RECORDS SUPPLIED:
----

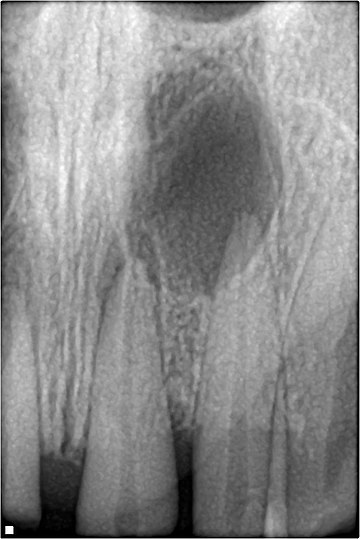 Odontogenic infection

----

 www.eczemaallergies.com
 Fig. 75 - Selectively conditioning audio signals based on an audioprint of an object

----

WHAT TO DO: All that belongs in the answer is the run of lines above from the line containing "www.eczemaallergies.com" through the line containing "Fig. 75 - Selectively", exactly as written.

REPLY TO THE TASK:
 www.eczemaallergies.com
 Fig. 75 - Selectively conditioning audio signals based on an audioprint of an object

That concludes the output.